Update stakeholder examples when the agent’s behavior changes. These examples shape how people think about what the agent can do. Outdated examples create confusion and erode trust when reality doesn’t match the documentation.
Building Your Library From Day One
Start capturing examples before you spin up your first workflow. The examples come first. They define what success looks like.
In your first week, capture 20 examples by hand. Sit with the people who do the task today. Watch them work. Document exactly what they do. These 20 examples become your specification. They tell you what the agent needs to learn.
Set up your capture infrastructure early. The simple Slack workflow. The JSON schema. The staging and review process. Make it easy to add examples from day one because you'll never have time to go back and add them later.

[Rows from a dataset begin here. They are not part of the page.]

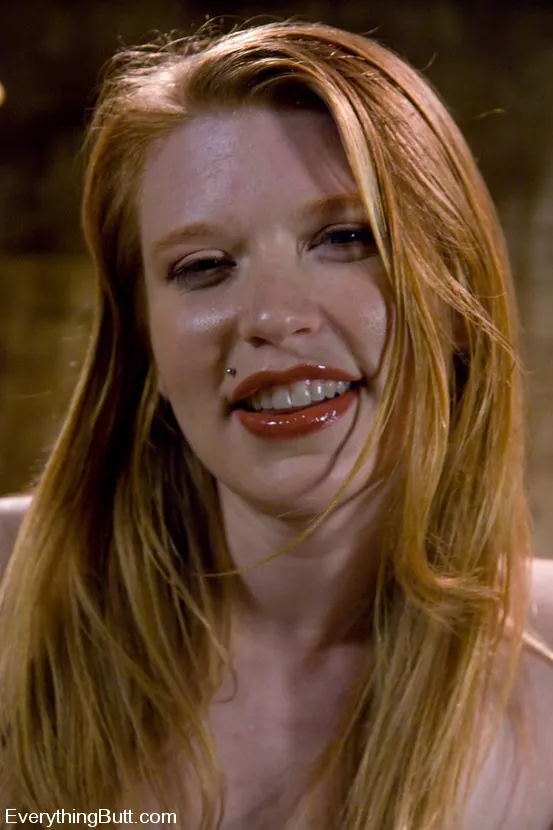 Madison Young en 'Audiciones anales: ¡Madison se mete el puño en el culo para entrar al sitio!' from 'Kink' (foto 1) Kink 'Audiciones anales: ¡Madison se mete el puño en el culo para entrar al sitio!' protagonizando Madison Young (foto 1)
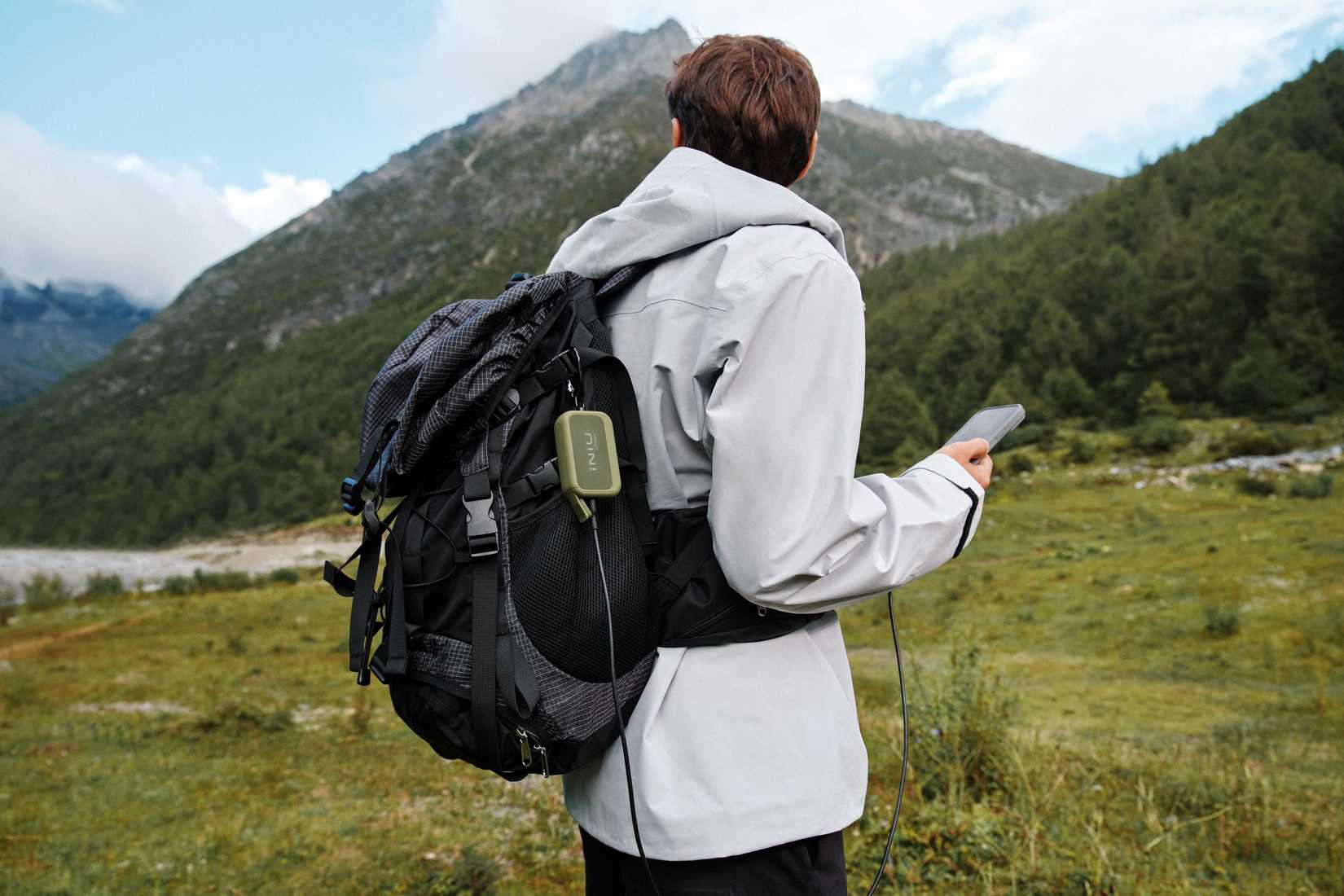 Pin INIU Rugged Series gắn trên balo đang sạc điện thoại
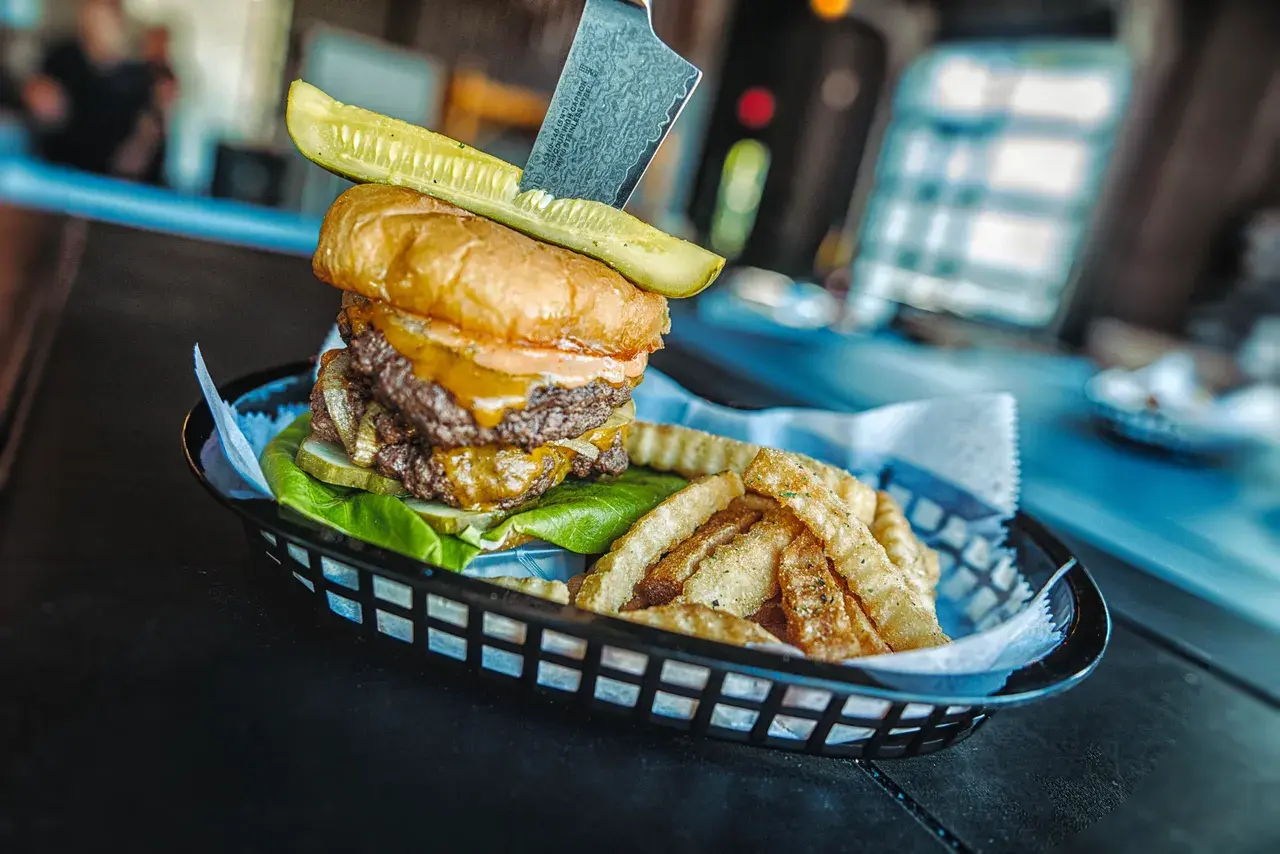 Club House Kitchen & Cocktails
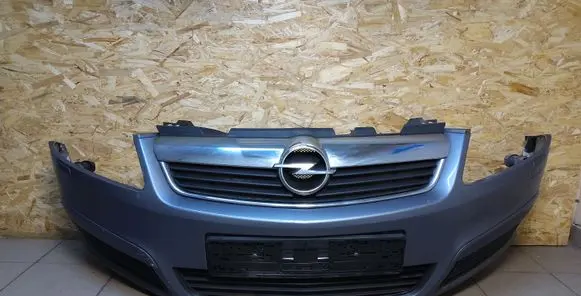 Opel Zafira B Front bumper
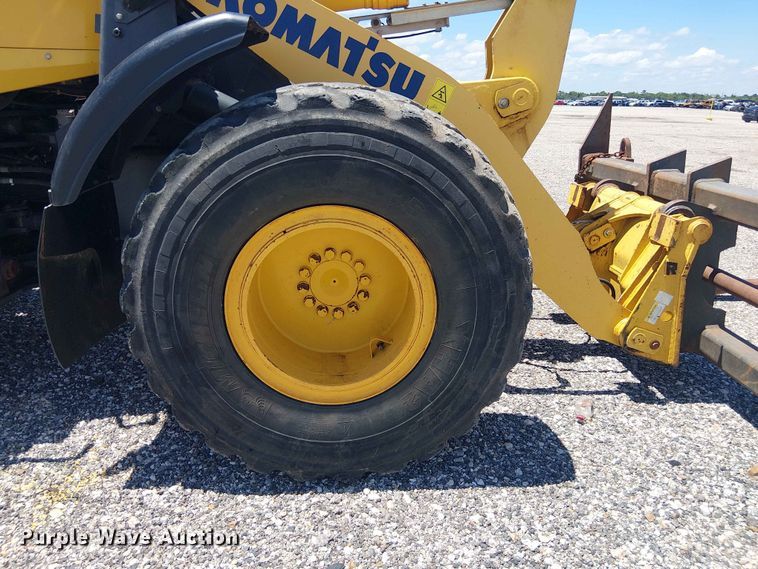 image for item YA3586 2020 Komatsu WA270-8 wheel loader
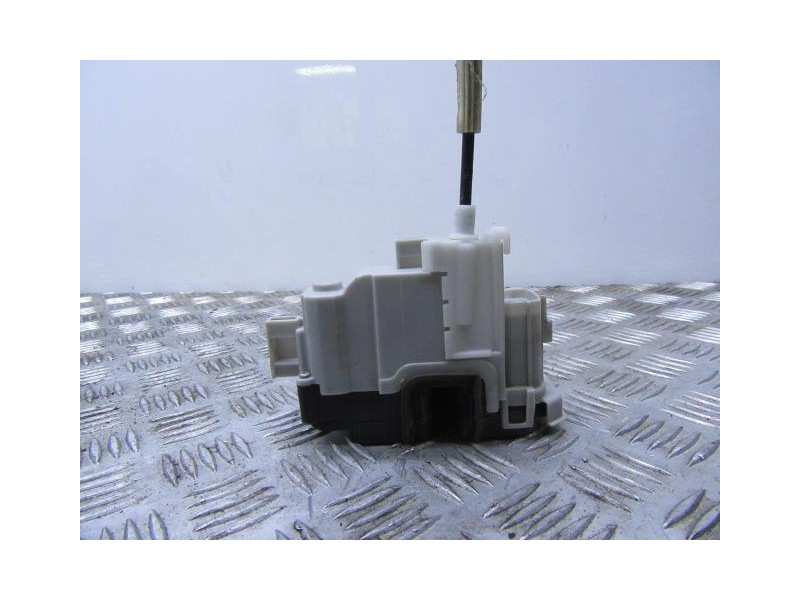 Recambio de cerradura pta. del. dch. : fiat bravo : 1.9 jtd -192a8000 (119,68cv)5p [2008] para fiat bravo 1.9 jtd -192a8000 (119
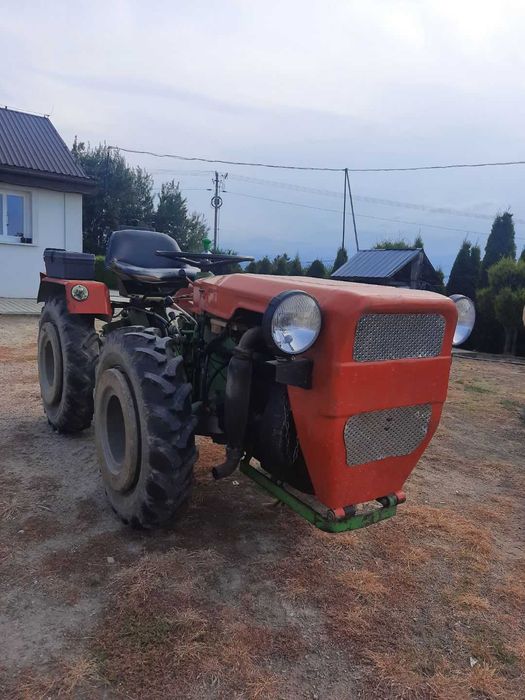 Sprzedam ciągnik ogrodniczy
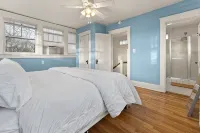 4 KING BEDS Luxurious Historic Home in the Heart of Memphis - บังกะโล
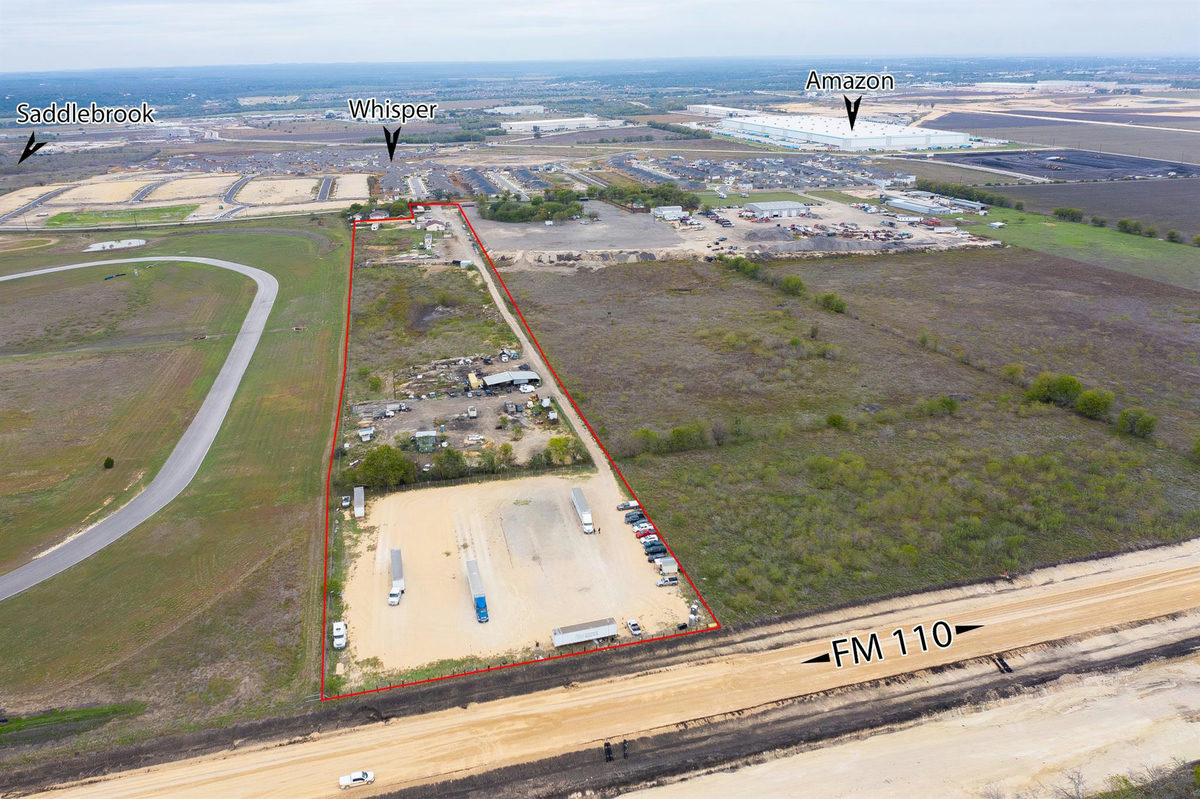 3030 Harris Hill Rd — exterior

Treat your example library as a product. It needs maintenance. Examples become stale. Workflows change. Policies update. Schedule quarterly reviews where you go through your library and archive or update examples that no longer reflect current reality.
The teams that ship great agentic AI systems aren't the ones with the fanciest agents and models. They're the ones that captured the right examples at the right time and built a library that grows smarter as the agent does. Start building yours today, because the best time to capture an example is the first time you see it.